By Stacy Kennedy, MPH, RD, CSO, LDN; Reboot Nutritionist
Health claims are in the hot seat causing us to pause and look at the true definitions of common ingredient or nutrition related terms we use everyday. Many are not what they seem. And some don’t mean anything at all.
Recently, the term “natural” was called into question by Consumer Reports. With roughly 60% of Americans surveyed looking for “natural” on the label when shopping, knowing exactly what that means is paramount.
When we see “natural” we think the food is nutritionally superior; free of hormones, additives, artificial ingredients, preservatives, GMOs, colors, etc. And a great choice for someone pursing a healthy lifestyle or for growing kids.

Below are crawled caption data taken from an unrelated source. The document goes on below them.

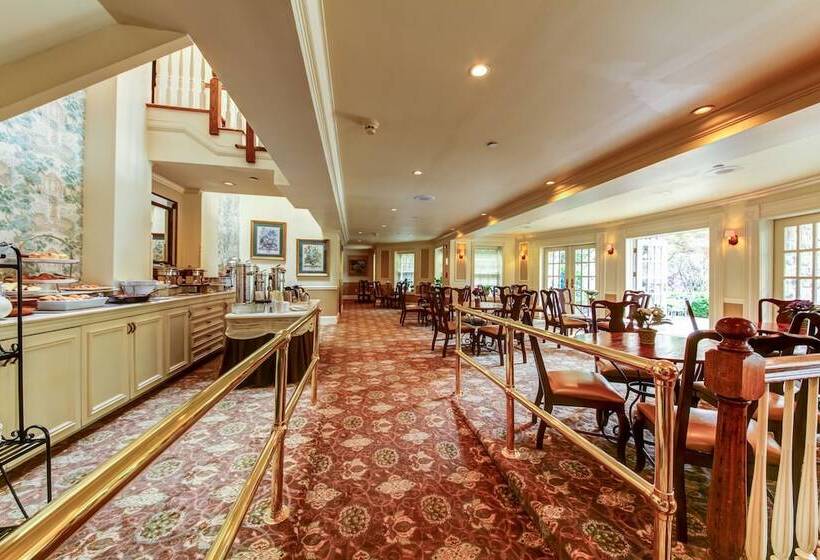 فندق Olde Mill Inn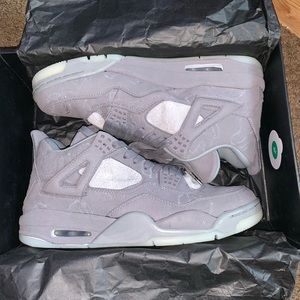 Air Jordan 4 IV KAWS Size 11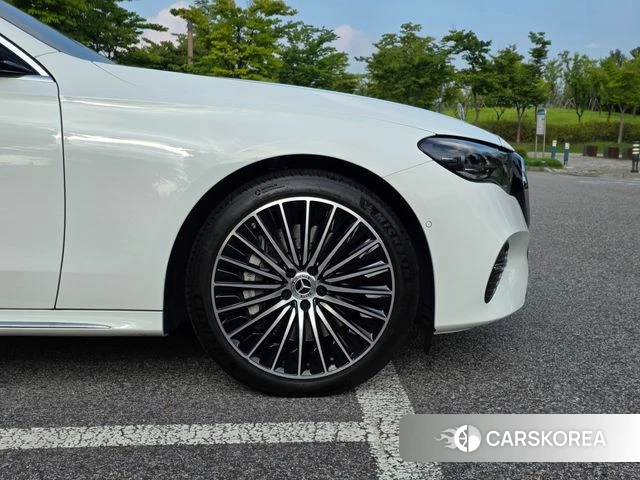 Mercedes-Benz E-Class W214 2024 Белый из Кореи, фото 6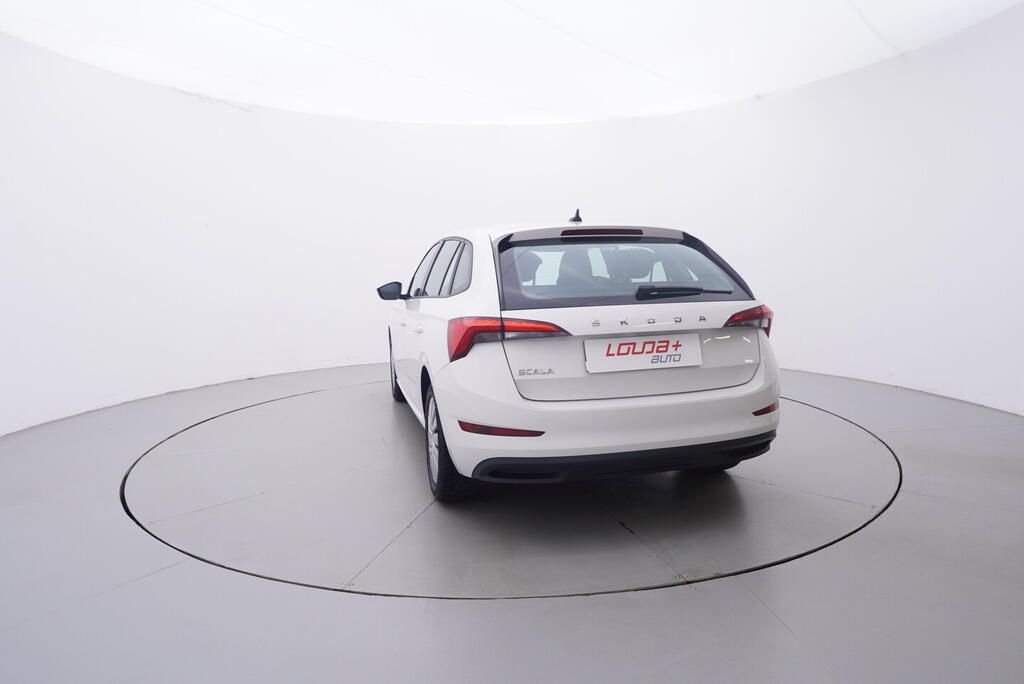 Škoda Scala, Ambition 1.0 TSI 70 kW - fotka 4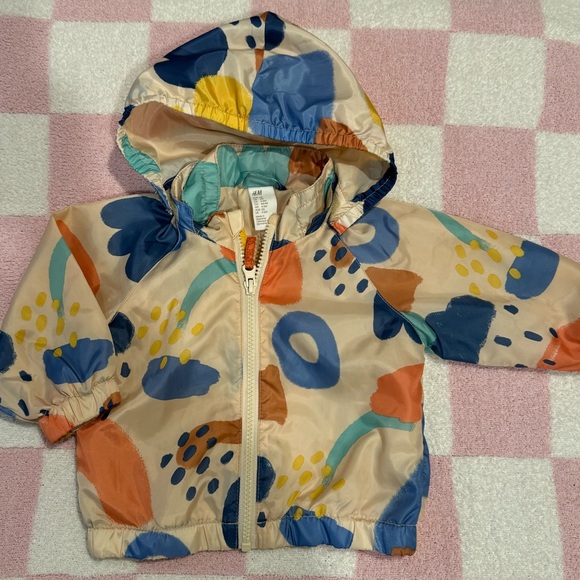 H&M Hooded Rain/Wind Coat - Picture 2 of 6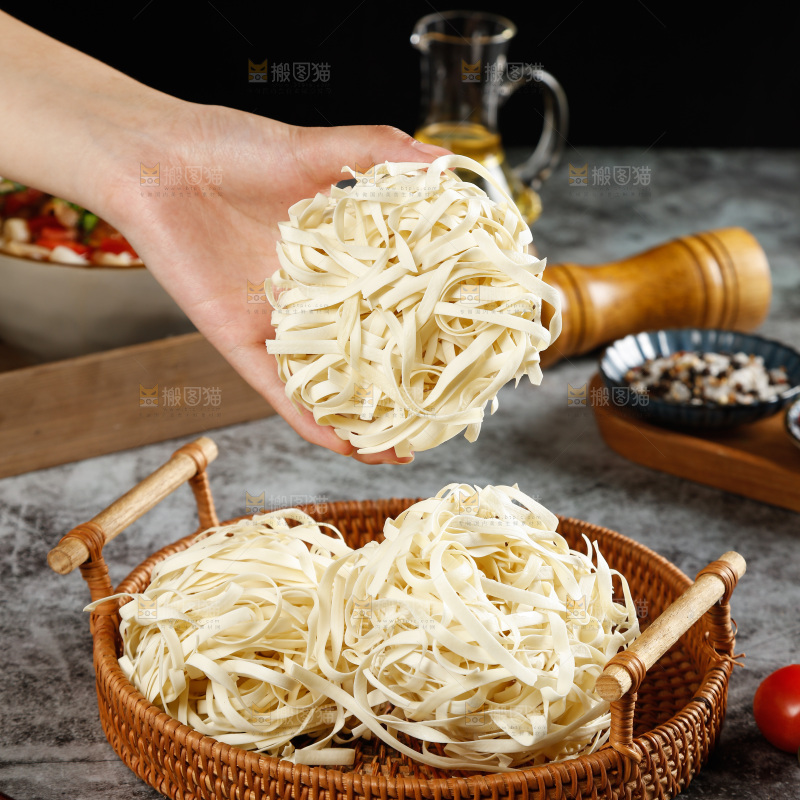 手上拿着的拉面面饼
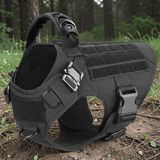 Harnais tactique pour grand chien noir Happy Animalia avec poignée de contrôle, boucles métalliques et panneau MOLLE, posé en forêt.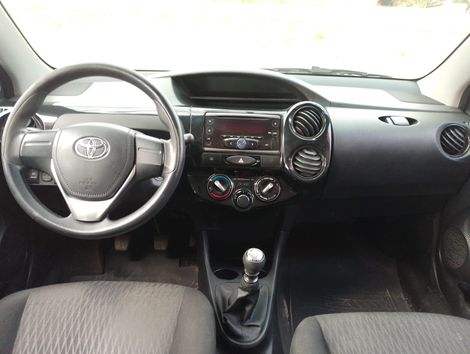Toyota ETIOS X Plus Sedan 1.5 Flex 16V 4p Mec.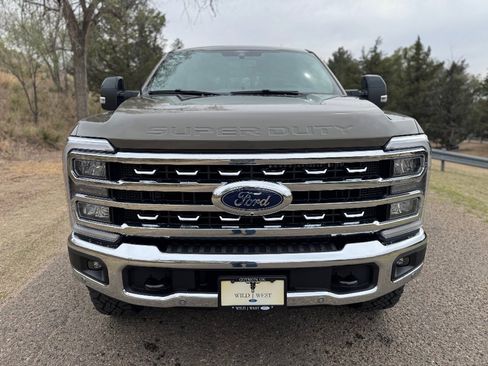 New 2026 Ford F250 Lariat image 9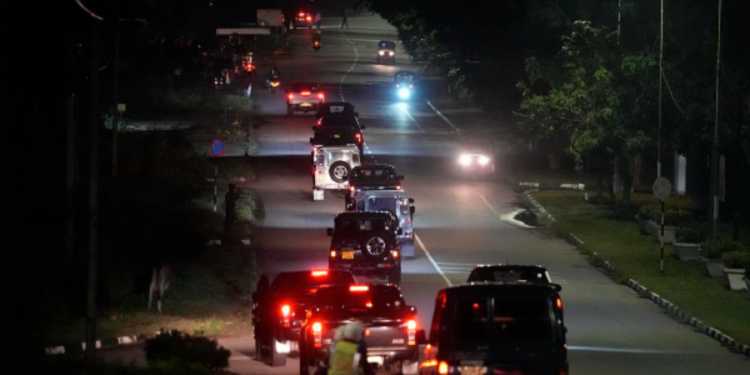 கொழும்பு இருளில் மூழ்கும் அபாயம்!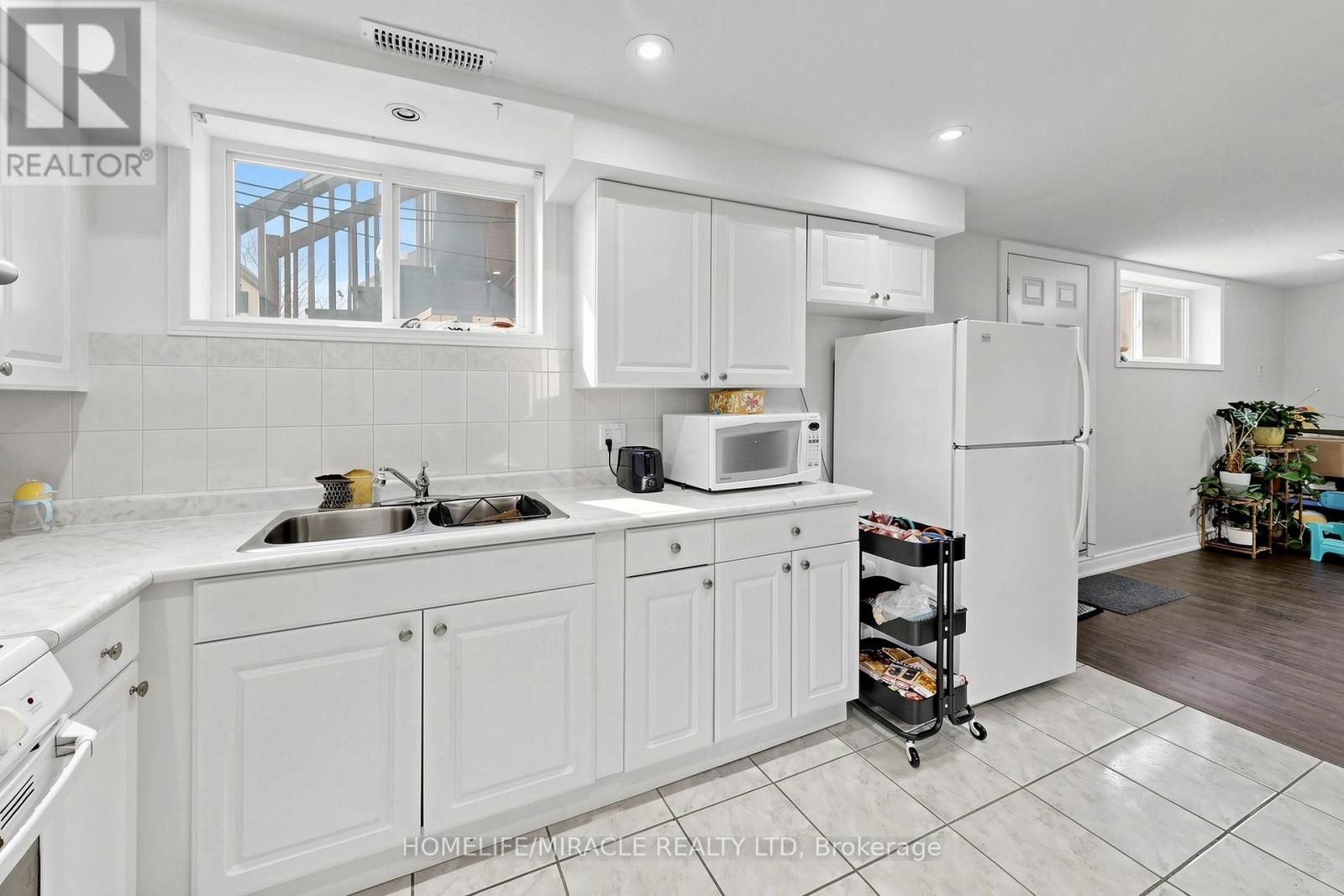 361 BRISDALE DRIVE NW - 32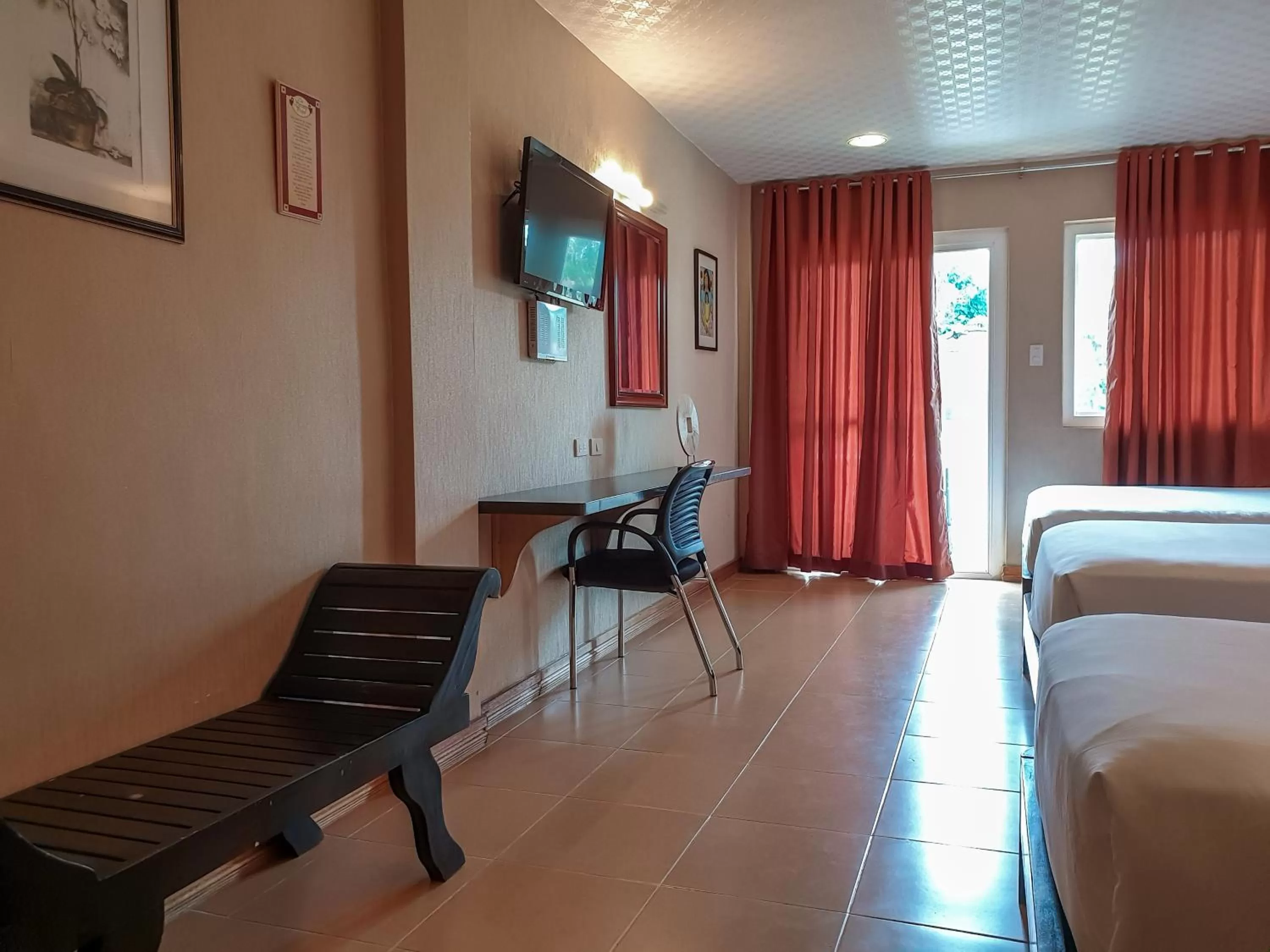 TV and multimedia, Bed in Hanan Hotel Tagaytay - Formerly Tagaytay Wingate Manor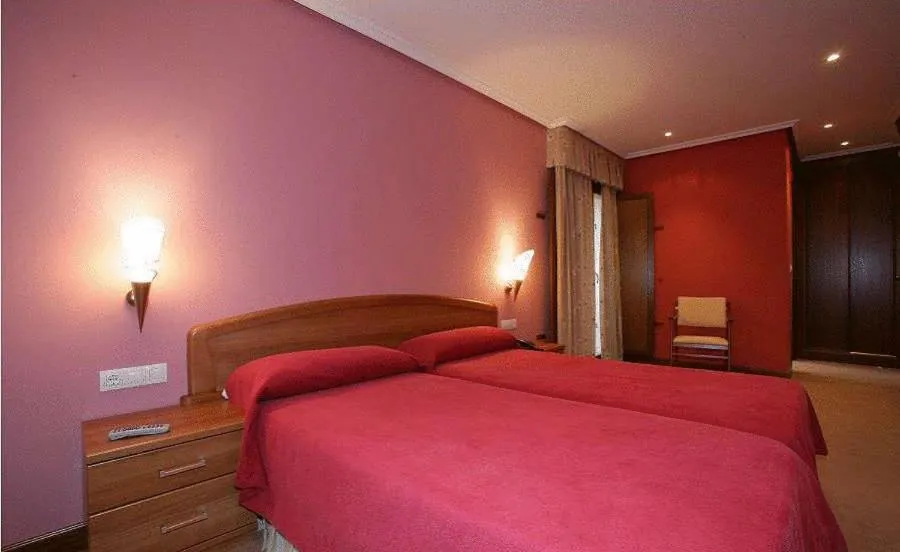 Photo of the whole room, Bed in Gran Hotel Rural Cela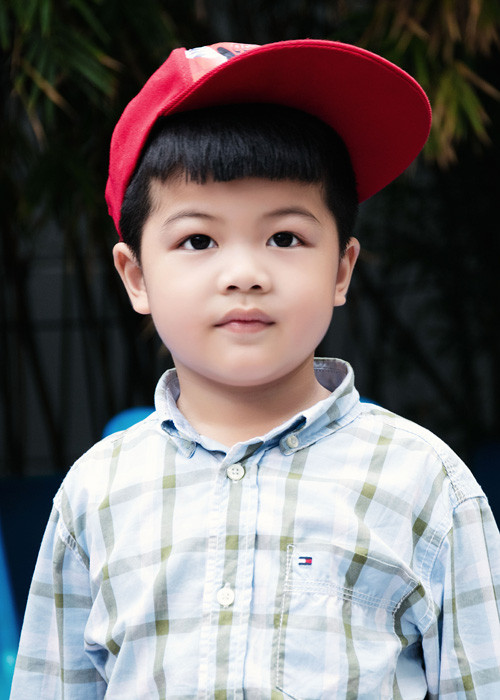 Bé Henry là kết quả của mối tình bí mật giữa Oanh Yến và một Việt kiều Mỹ.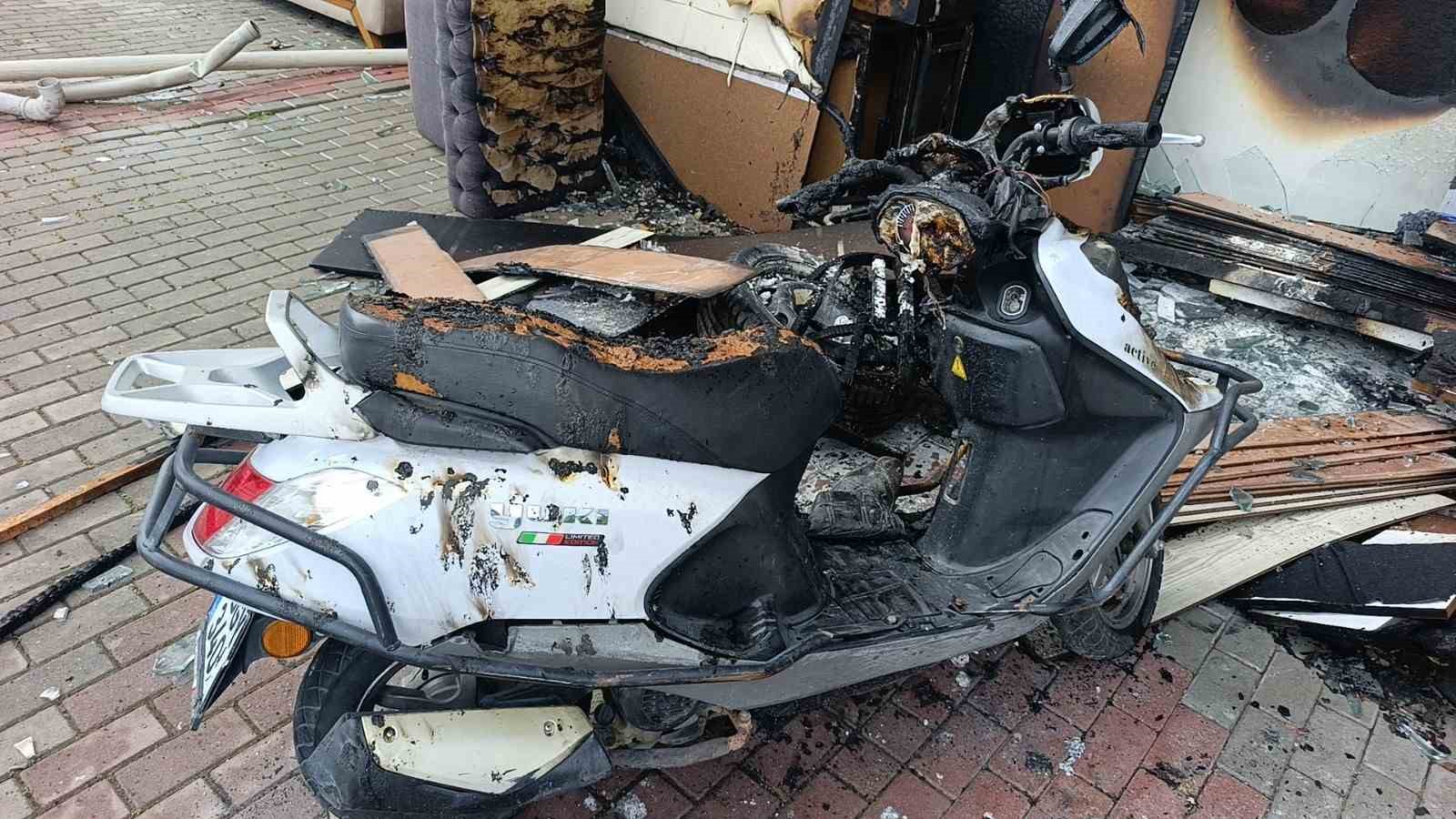 Uyurken camın patlama sesine uyandı, ihbarla iş yerini küle dönmekten kurtardı 7 uyurken camin patlama sesine uyandi ihbarla is yerini kule donmekten kurtardi 3 wjTtsyYT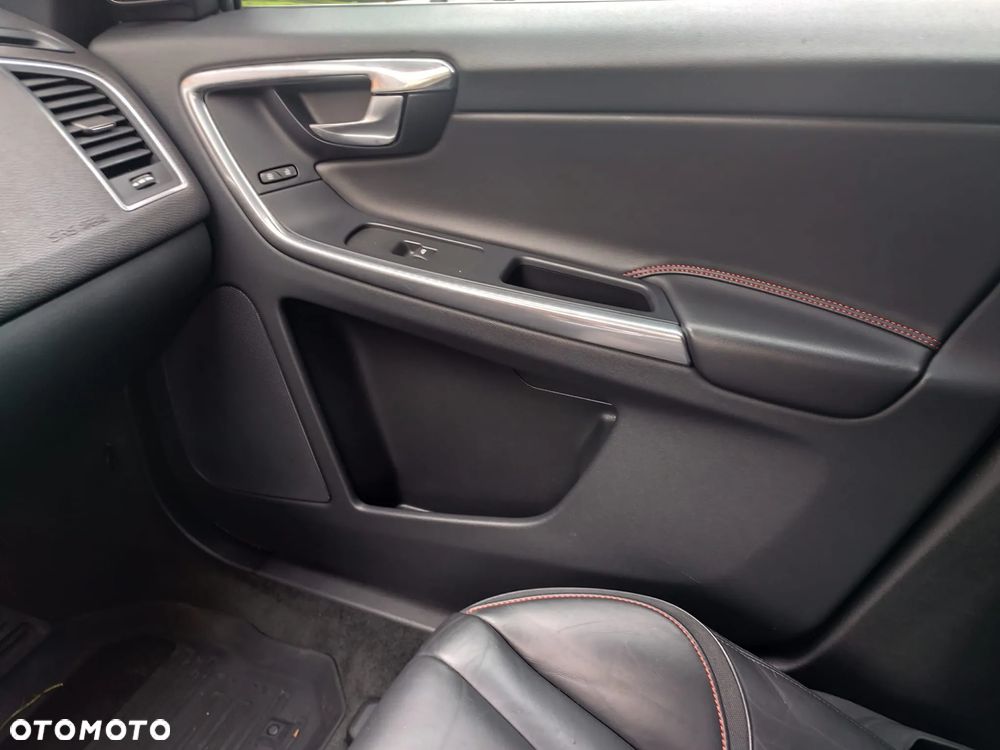 Volvo XC 60 D4 AWD Geartronic Ocean Race - 35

Sadly, this isn’t actually the case. In fact, according to the Federal Drug Administration (FDA)’s Center for Science and Nutrition; the agency charged with regulating health claims and food labels, there is no definition for “natural.” Despite a lack of definition or endorsement of the term, they don’t object to its use with foods free of artificial flavors, added colors or synthetic compounds.
More concerning, officials admit the inherent issue with evaluating processed foods with the lens of a term like natural, “From a food science perspective, it is difficult to define a food product that is ‘natural’ because the food has probably been processed and is no longer the product of the earth.”
All the more reason to be your own advocate and seek out the ingredient list on packaged foods with a critical eye. And to make most of your meals and snacks at home! Like fresh juices made with just veggies and fruits straight from the earth…Doesn’t get any more natural than that!